We plot the t-stats and critical values. Surprisingly, only two stocks – HEN3 and BRN – appear to be cointegrated at 5% significance level.

## Application to Benchmark Tracking

In this paragraph we introduce two approaches for index tracking. The first is a cointegration-based method which regresses the index log price on the log prices of selected stocks over a calibration period. This log transformation ensures homogeneity and valid application of OLS in the presence of cointegration. The second, namely TEVM, method is the traditional OLS estimation where the index returns are regressed on the index stocks returns and by construction minimizes the tracking error.

In both cases, we employed calibration periods of from 2 years of data preceding the portfolio construction date. The initial portfolios based on cointegration tracking were established on March 7, 2012, and the most recent ones were created on December 29, 2023. To maintain their relevance and accuracy, all portfolios underwent rebalancing at intervals of every 10 trading days. The new rebalancing weights are based the new Ordinary Least Squares (OLS) coefficients, which were recalculated for each rolling calibration period in the cointegration regression analysis.

## Cointegration

Let’s start with the cointegration approach describe above. In this case, we regress the index log prices, in this case, the Dax 30, on the price of the historical DAX constituents and test for stationarity of residuals with ADF check as prescribed by the Engle-Granger test.
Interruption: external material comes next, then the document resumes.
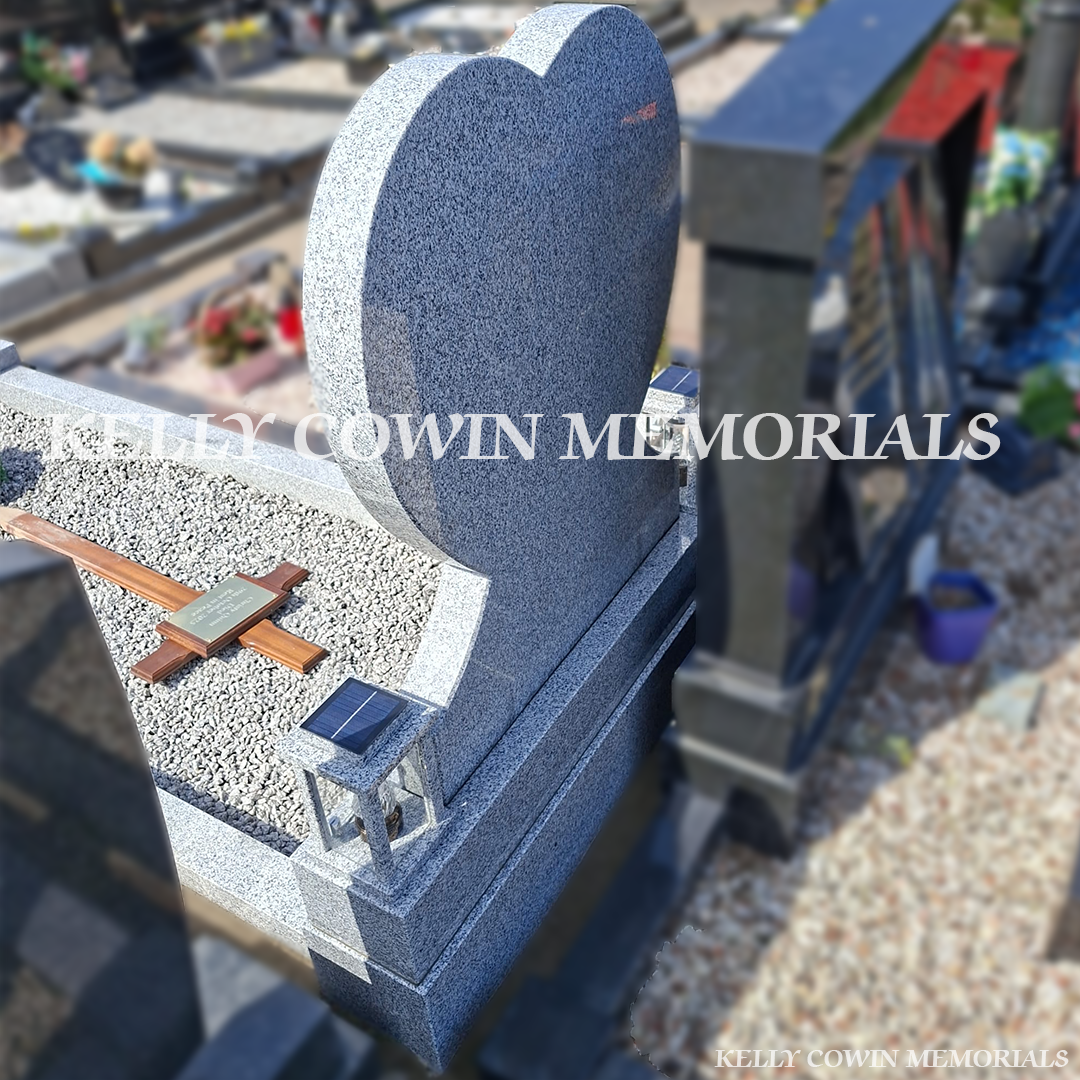 Back view of grey granite memorial with kerbing and solar lanterns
$$ ln(I_{t}) = \alpha + \sum_{k=1}^{n}(B_{k} ln(P_{kt}) + \epsilon $$

Note that:

“the application of OLS to non-stationary dependent variables such as log(index) is only valid in the special case of a cointegration relationship. The residuals are stationary if, and only if, the log(index) and the tracking portfolio are cointegrated. Unless the residuals from the above regression are found to be stationary, the OLS coefficients will be inconsistent and further inference based on them will be invalid. Therefore, testing for cointegration is an essential step in constructing cointegration-based tracking portfolios.” Alexander and Dimitriu (2002)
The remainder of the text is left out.